*Task prompt*
The lines to output run from the first line of the entries below through the line containing "Now once you"; copy them exactly and leave out pictures.

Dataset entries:

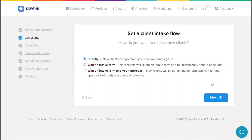You'll be presented with several options for your client intake flow. Client intake flow defines how you want your clients to get access to your coaching service. First, you can let anyone purchase your coaching service and become your client. The second option is to ask prospective clients to submit an intake form when they are purchasing your coaching service, so you'll get a head start on learning a bit more about your clients before the coaching session starts.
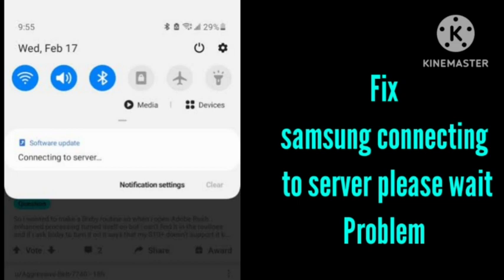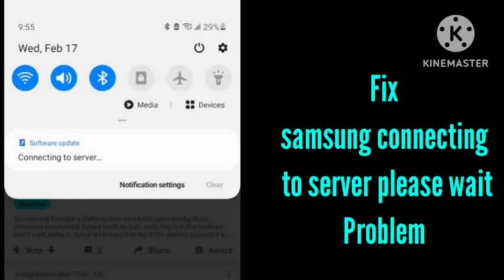I will tell you the method that works for me to fix this problem. You need to clear the cache and data of the software update app. Go to your settings on the device and there you can see the apps. In the apps, find the software update option and clear the cache and data.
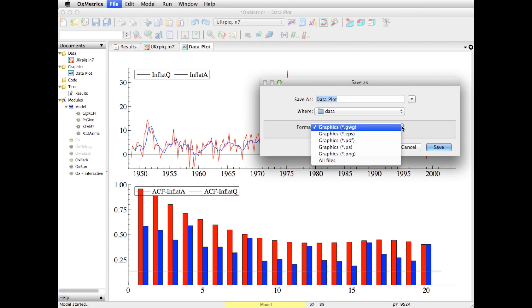The first one is GWG—that's our own format. No other software can save that, but it's very useful for reloading into Oxmetrix, though that's really the main purpose of that format.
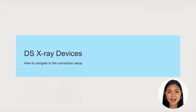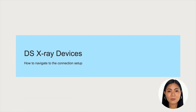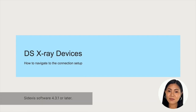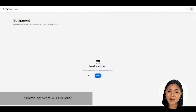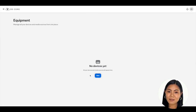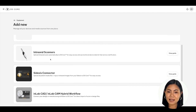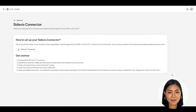To connect your Dentsply Sirona X-ray devices to DSCore, you'll need to install the Cydexis connector. Open a web browser on a computer running Cydexis software 4.3.1 or later and log in to DSCore. Navigate to your equipment list, click the new blue button, and then click on the white View Guide button located in the Cydexis connector section to begin. A set of instructions will appear on how to start connecting your Cydexis software to DSCore.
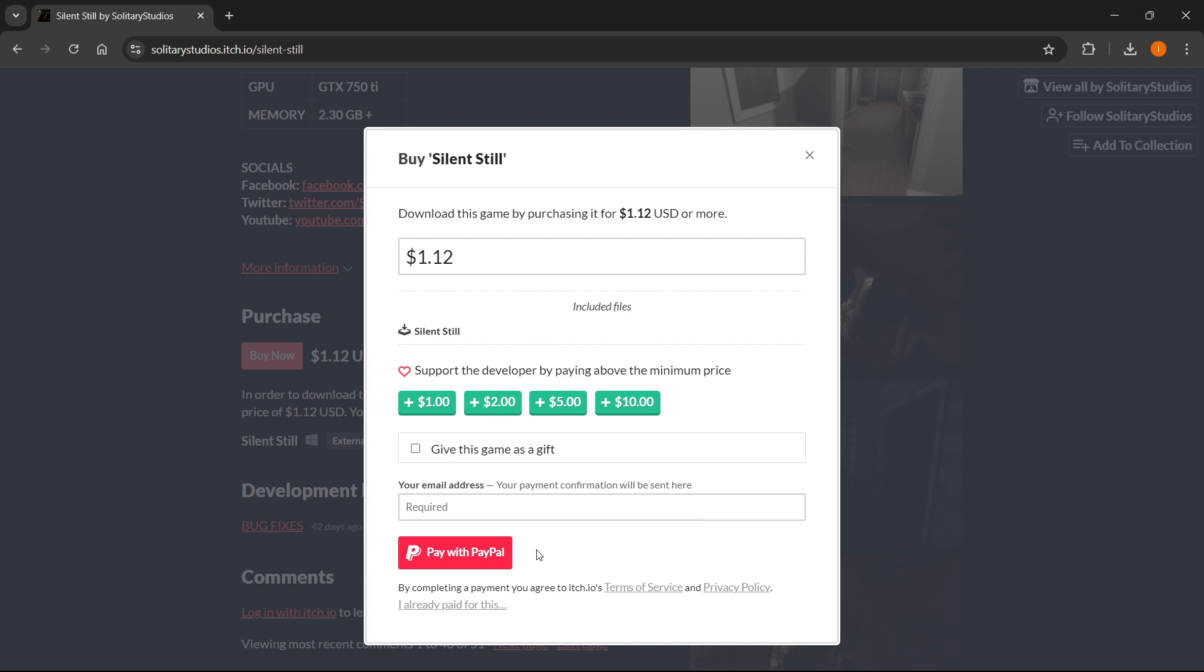Now once you do it, you'll be able to download Silent Still. You'll then have to extract the folder, so you'll have to unzip the folder once you download it to your computer. It's very easy, just right click on it and press something like unzip or extract here.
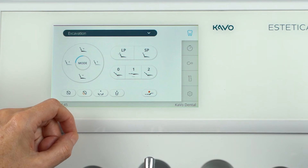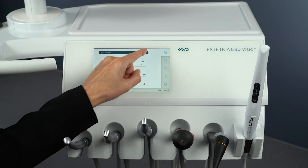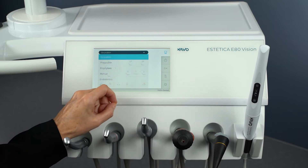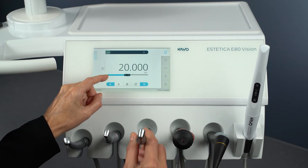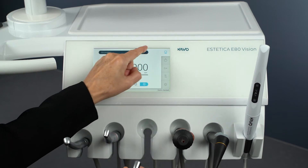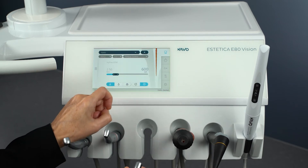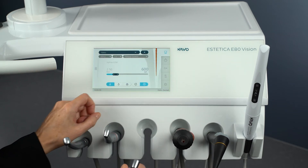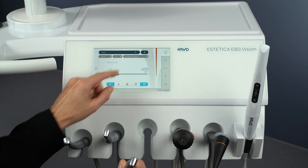Use the Back button to return to the Treatment menu. To set the parameters for the Endodontics workflow, remove the motor from the tray. Select the treatment type Endodontics from the selection list. The display on the treatment unit's touch display changes to the Endodontics treatment type.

*Written reply*
You'll be presented with several options for your client intake flow. Client intake flow defines how you want your clients to get access to your coaching service. First, you can let anyone purchase your coaching service and become your client. The second option is to ask prospective clients to submit an intake form when they are purchasing your coaching service, so you'll get a head start on learning a bit more about your clients before the coaching session starts.
I will tell you the method that works for me to fix this problem. You need to clear the cache and data of the software update app. Go to your settings on the device and there you can see the apps. In the apps, find the software update option and clear the cache and data.
The first one is GWG—that's our own format. No other software can save that, but it's very useful for reloading into Oxmetrix, though that's really the main purpose of that format.
To connect your Dentsply Sirona X-ray devices to DSCore, you'll need to install the Cydexis connector. Open a web browser on a computer running Cydexis software 4.3.1 or later and log in to DSCore. Navigate to your equipment list, click the new blue button, and then click on the white View Guide button located in the Cydexis connector section to begin. A set of instructions will appear on how to start connecting your Cydexis software to DSCore.
Now once you do it, you'll be able to download Silent Still. You'll then have to extract the folder, so you'll have to unzip the folder once you download it to your computer. It's very easy, just right click on it and press something like unzip or extract here.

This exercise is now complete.